Data Lake Formation (DLF) provides a visual metadata migration feature, which allows you to migrate metadata from a Hive metastore to a data lake.
Prerequisites
The Hive version is v2.3.x. DLF supports only Hive v2.3.x.
Your metadatabase is a MySQL metadatabase. DLF supports only MySQL metadatabases.
Create a metadata migration task
Create a migration task
Log on to the DLF console.
In the left-side navigation pane, choose Metadata > Migrate Metadata.
Click Create Migration Task and then configure the metadata migration task.
Source database settings
Database Type: Currently, only MySQL is supported.
MySQL Type:
Alibaba Cloud RDS: ApsaraDB RDS for MySQL provided by Alibaba Cloud. For more information, see ApsaraDB RDS for MySQL.

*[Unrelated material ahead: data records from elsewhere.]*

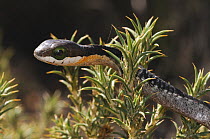 Boomslang (Dispholidus typus) juvenile. Swartberg nature reserve, Western Cape, South Africa, April.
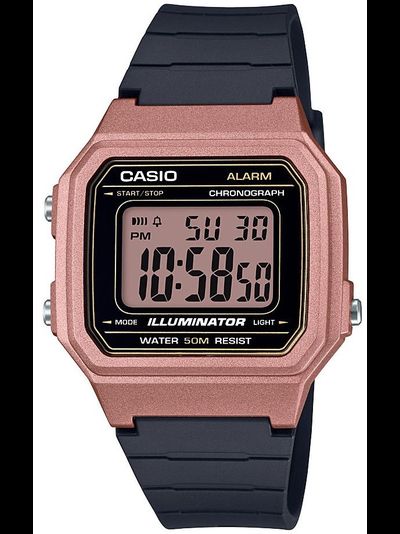 Часы Casio W-217HM-5A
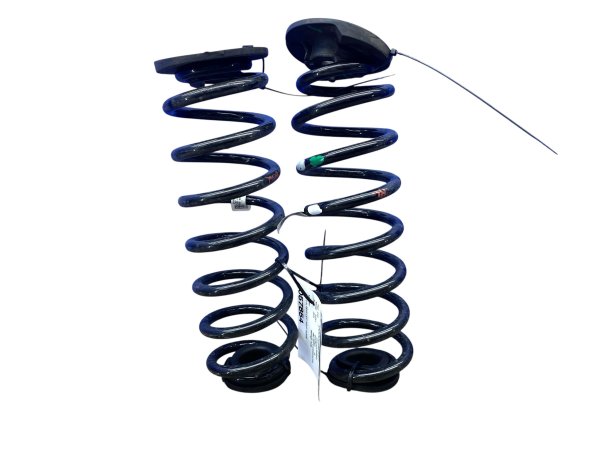 OEM Rear Suspension Coil Spring Set
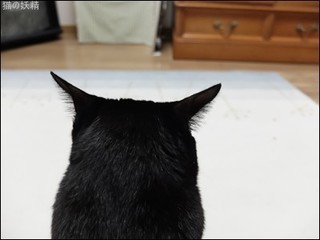 s-DSCF8282.jpg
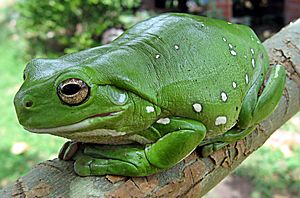 Australia green tree frog (Litoria caerulea) crop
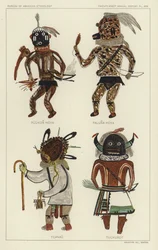 Puukon Hoya, Paluna Hoya, Tcanau, Tuckubot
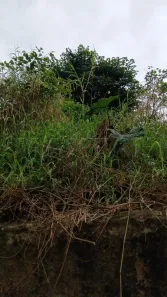 Lote/Terreno à venda, 17000m² no Jardim Madre Ângela, Poá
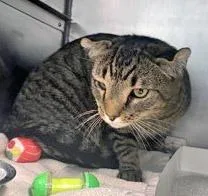 An adult medium-sized male Domestic Short Hair cat named Schroedinger for adoption in Fishers, IN
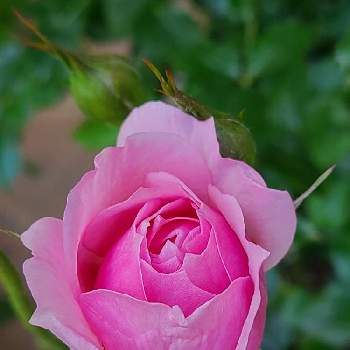 バラの蕾の画像 by かのんさん | 小さな庭と乙女ピンクとチーム東京とGSの皆さまに感謝♡と2020年5月同期とピンク！ピンク！ピンク！とピンクの花とバラ大好きとピンク大好きとバラの蕾と平和を願う☆とバラが好きとバラ・ミニバラ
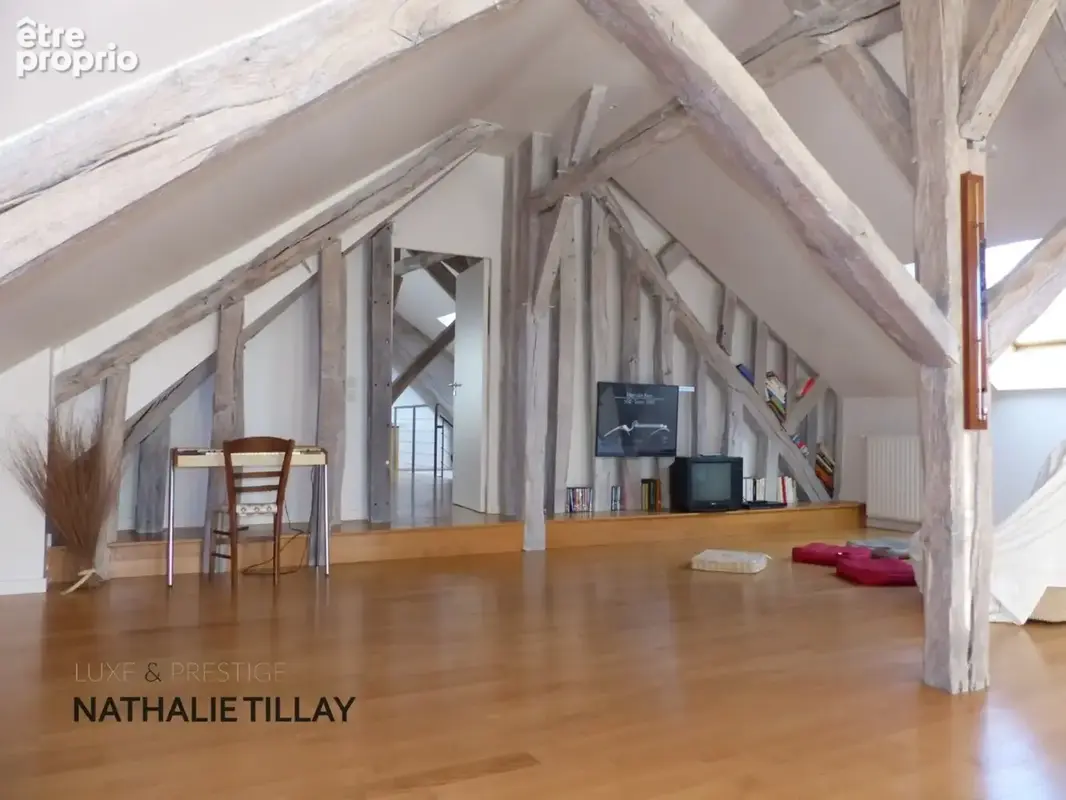 Saint-Jean-le-Blanc, proche Orleans, à vendre, maison de Maitre du XIXème de 423 m² habitables, avec piscine, parc arboré de 4 6 - photo 25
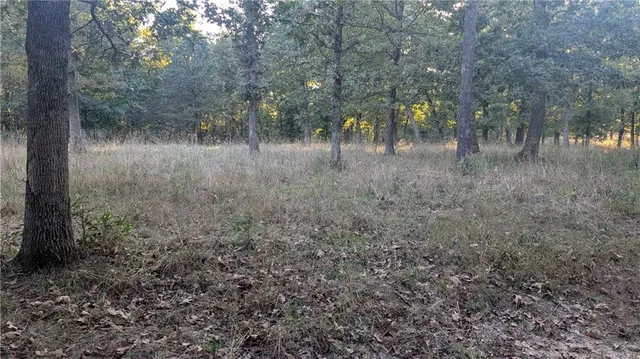 $849,000 | 742 Monroe Street, El Dorado Springs, MO 64744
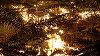 Pompierii luptă în continuare cu incendiul din pădurea Fontainebleau, de lângă Paris. Două persoane au fost arestate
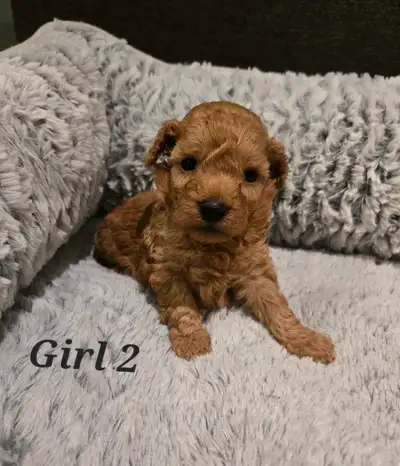 Toy poodle puppies 1 left, View more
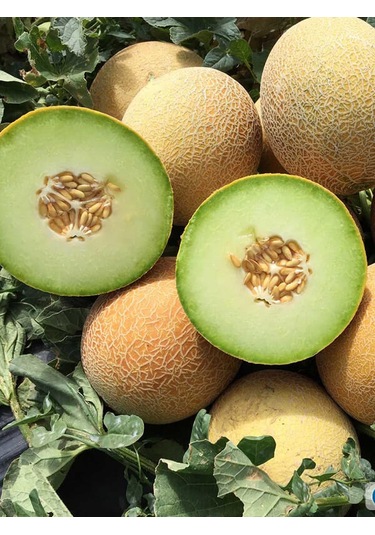 +100 Adet Ananas Kavun Tohumu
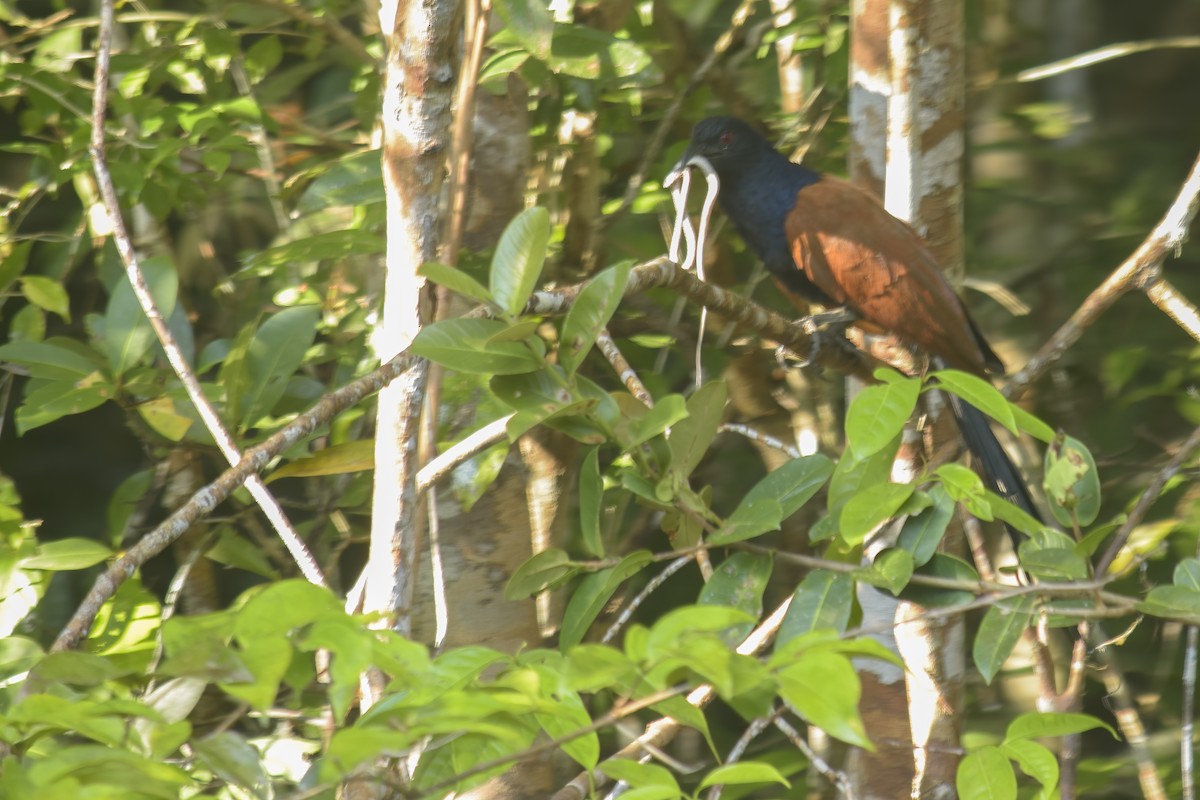 Greater Coucal - ML613625801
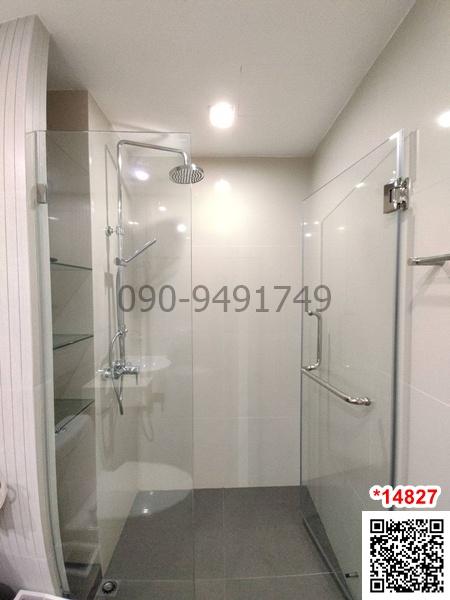 เช่า คอนโด TREE CONDO LUXE สุขุมวิท 52 ห้องตกแต่งสวย ใกล้ BTS อ่อนนุช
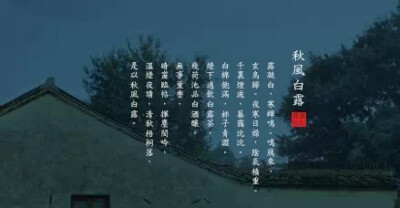 白露 | 露凝白，寒蟬鳴。鳴鴈來，玄鳥歸。夜寒日燥，陰氣積重。千里煙波，暮靄沈沈。白棉飽滿，柿子青澀。燈下適飲白露茶，殘荷池品白酒釀，一杯拂燥，兩杯明心，三杯忘歸。無事薰香，晴窗臨帖，揮麈閔吟，溫燈夜讀…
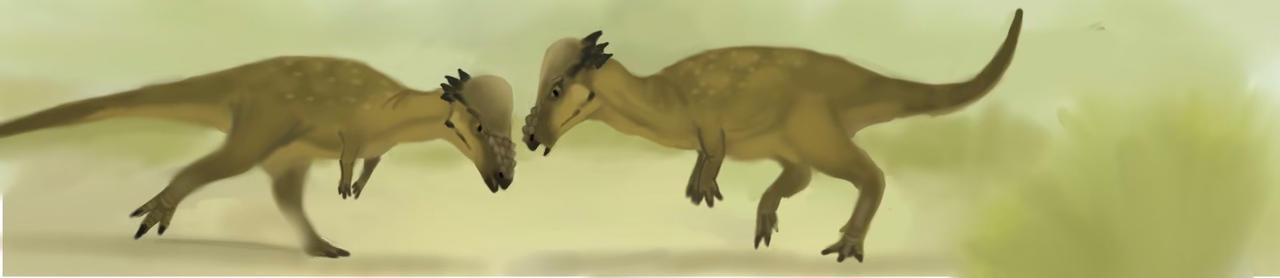 Pachycephalosaurus-fighting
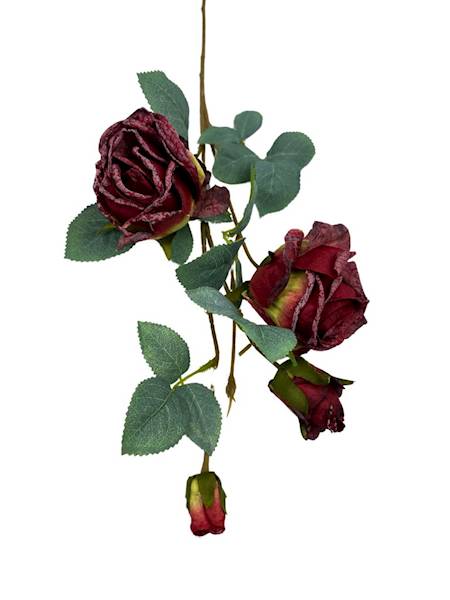 RÓŻA GAŁĄZKA PODSUSZANA 70 CM BORDOWA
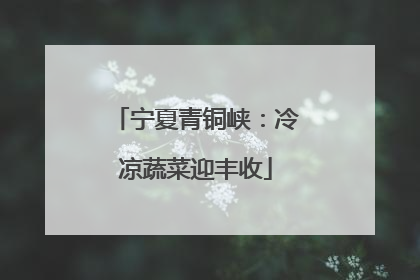 宁夏青铜峡：冷凉蔬菜迎丰收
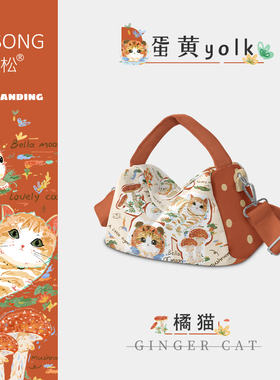 奥松蛋黄yolk可爱橘猫设计感小众文创帆布小方包通勤手提斜挎包女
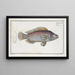 Lutjanus Linckii, the Link's Snapper - Marcus Elieser Bloch — framed artwork on a wall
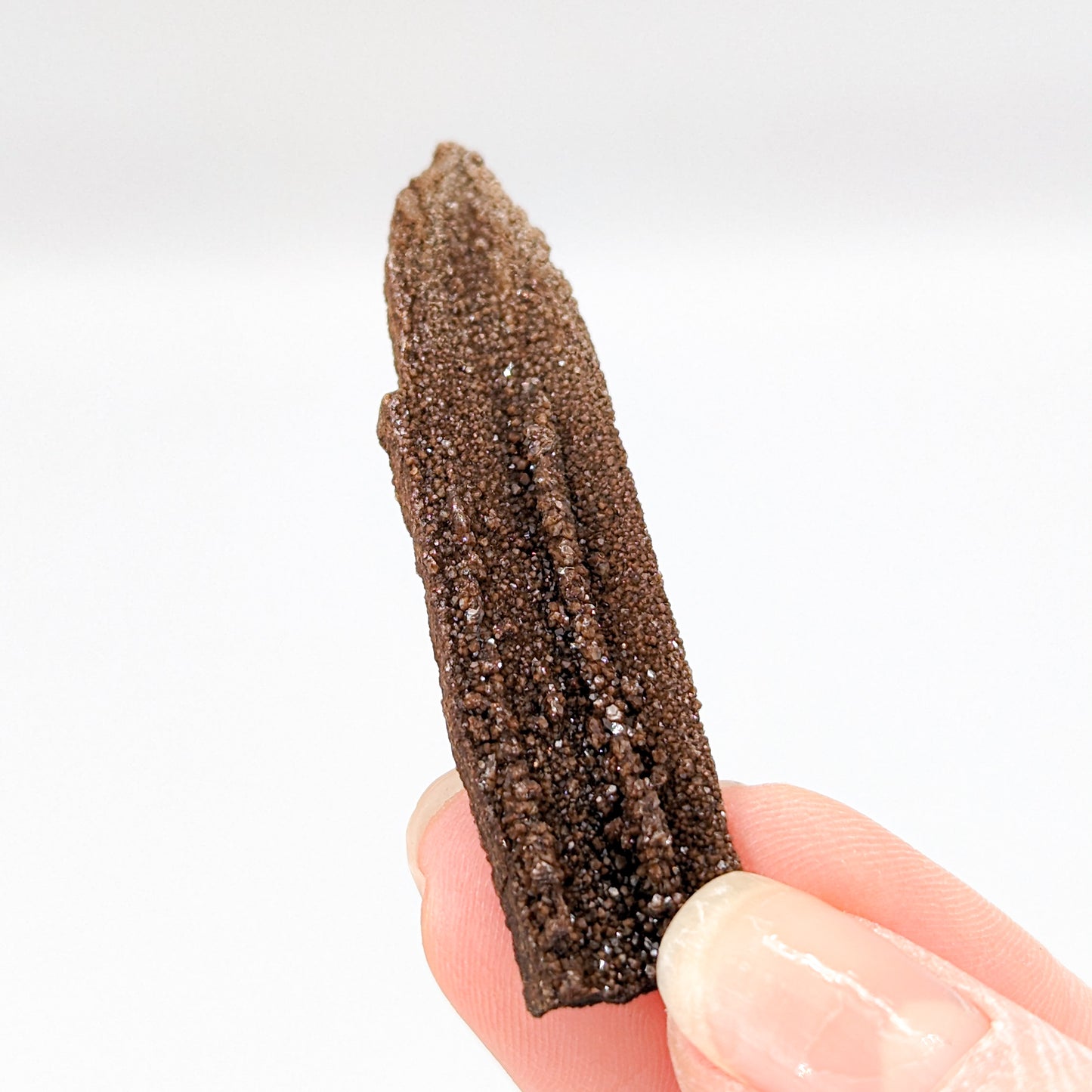 Perimineralized Fossil Wood with Quartz (Large)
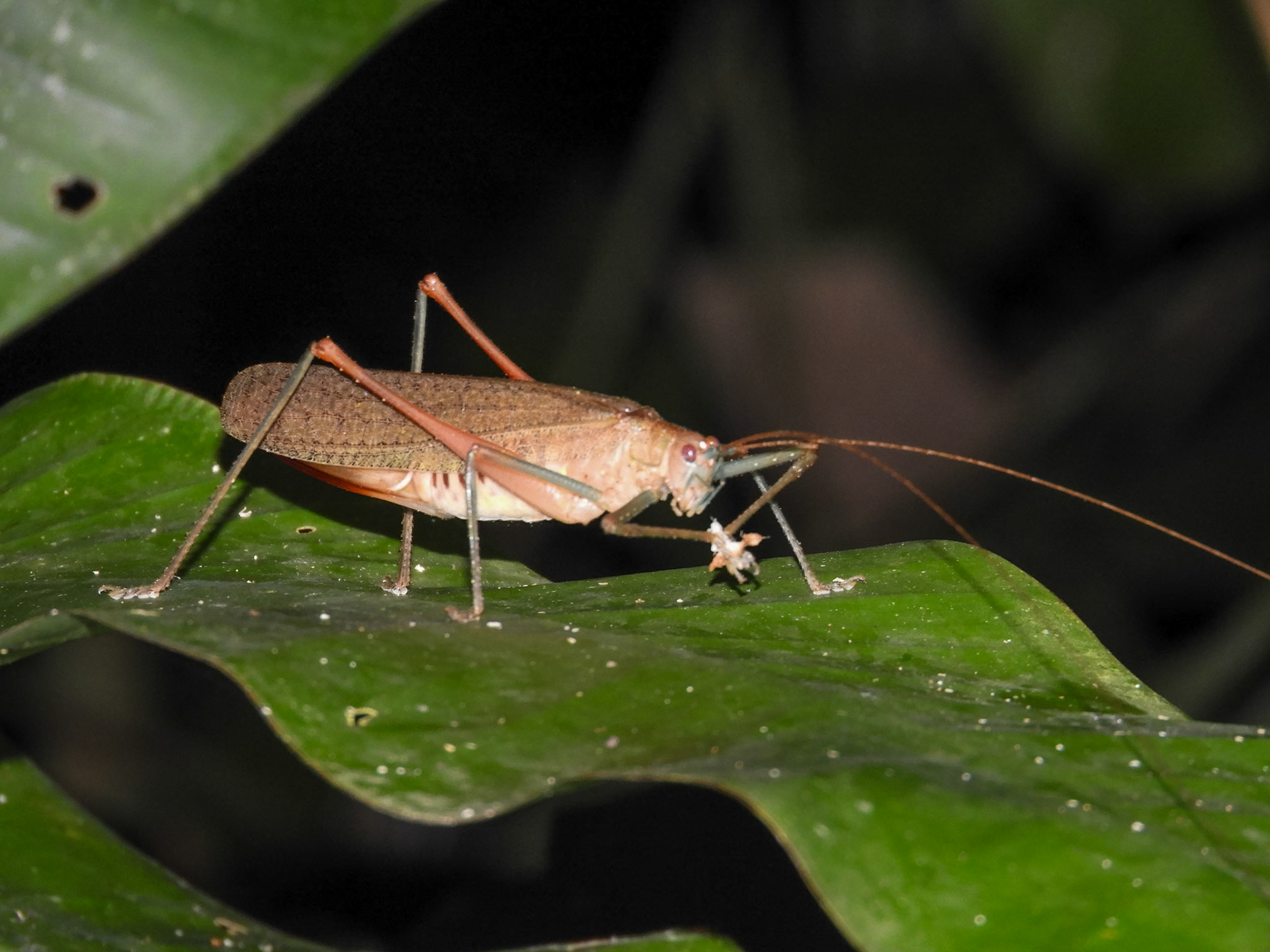 Fork-tailed Bush Katydid__2018-11-06__Nikon__Coolpix B700__ __f/5.6__1/125 sec____Las Piedras__Peru__12°32'27.9708" S 69°3'11.5668" W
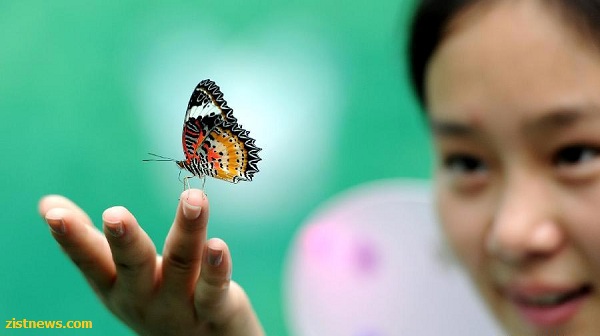 جشنواره پروانه(عکس)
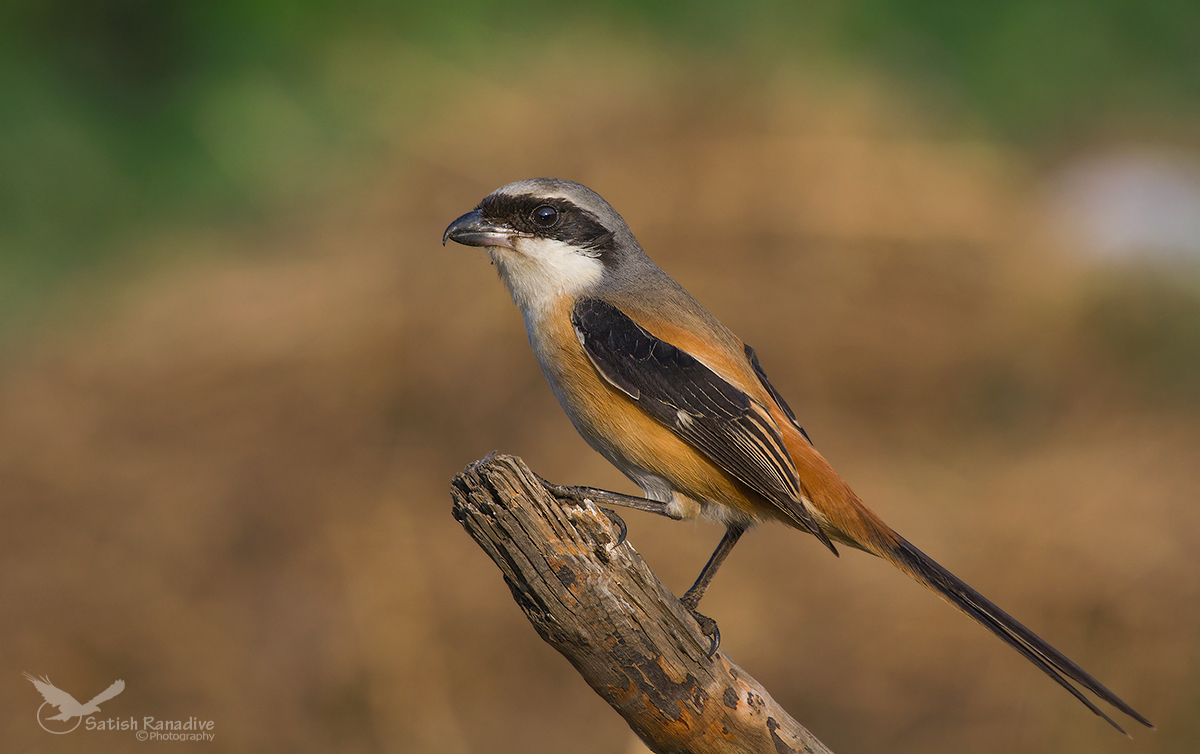Long Tailed Shrike.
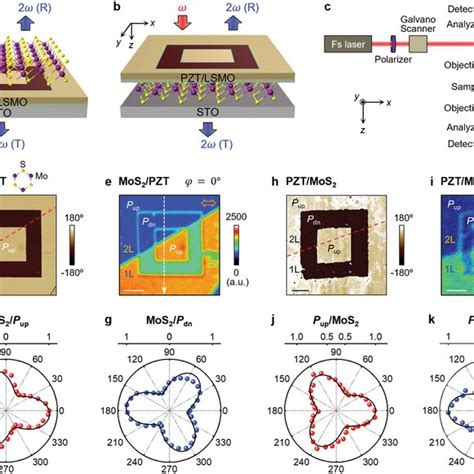 Ferroelectric Domain Control Of Shg Singals Ab Schematics Of A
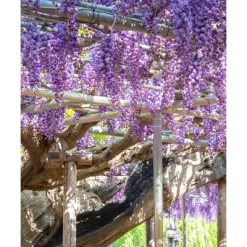 2.5qt. Black Dragon Wisteria Plant With Dark Purple Blooms - National Plant Network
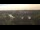 Webcam in Pocking, 6.8 mi away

Other MySQL Databases: built-in MySQL databases in E-MapReduce (EMR), self-managed MySQL databases, or other MySQL databases.
If you select Alibaba Cloud RDS, you must specify the following information about the RDS instance:
The ApsaraDB RDS instance.
The metadatabase name.
The username.
The password.
If you select Other MySQL Databases, you must enter the following information about the MySQL database:
Java Database Connectivity (JDBC) URL.
The username.
The password.
Network connection settings
If you set MySQL Type to Alibaba Cloud RDS, you can set Network Type to only Alibaba Cloud VPC. In this case, we recommend that you select a VPC, vSwitch, and security group that match your ApsaraDB RDS instance or MySQL database to avoid network connection failures.
If you set MySQL Type to Other MySQL Databases, you can set Network Type to Alibaba Cloud VPC or Internet.
If you set Network Type to Internet, make sure that your MySQL database supports remote access and your MySQL database port is open to the elastic IP address (EIP) 121.41.166.235. DLF metadata migration will use this IP address to access your MySQL database.
Migration task settings
Task Name: Enter a name for the metadata migration task.
Task Description (optional): Enter some remarks for your task.
Conflict Resolution Strategy:
Update Original Metadata: The original data is not deleted and metadata is updated based on the original data.
Delete Original Metadata and Create Metadata: All the original metadata will be deleted, and metadata is resynchronized.
Log Storage Path: All task logs will be stored in an Object Storage Service (OSS) storage path.
Object to Synchronize: The objects to be synchronized include database, function, table, and partition. Generally, you can select all the objects.
Location Replacement: You can set this parameter if you need to replace or modify the location of a table or database during migration. For example, if you migrate data from a traditional Hadoop Distributed File System (HDFS) architecture to an OSS architecture that separates storage and computing, you must replace the hdfs:// path with an oss:// path.
Save the migration task
Confirm that the task configurations are correct and click OK. The task is created.
Run a metadata migration task
Click Run in the Actions column of a metadata migration task to run the task.
When the task is running, you can click Stop in the Actions column to stop the task.
Click Runtime Record in the Actions column to view the execution details of the task.
Click View Logs to view the log details.
After the metadata is migrated, you can view the success information in the logs.
Verify the metadata synchronization result
On the Database tab of the Metadata page, you can query the information about the database that you want to synchronize.
On the Table tab of the Metadata page, you can query the information about the table that you want to synchronize.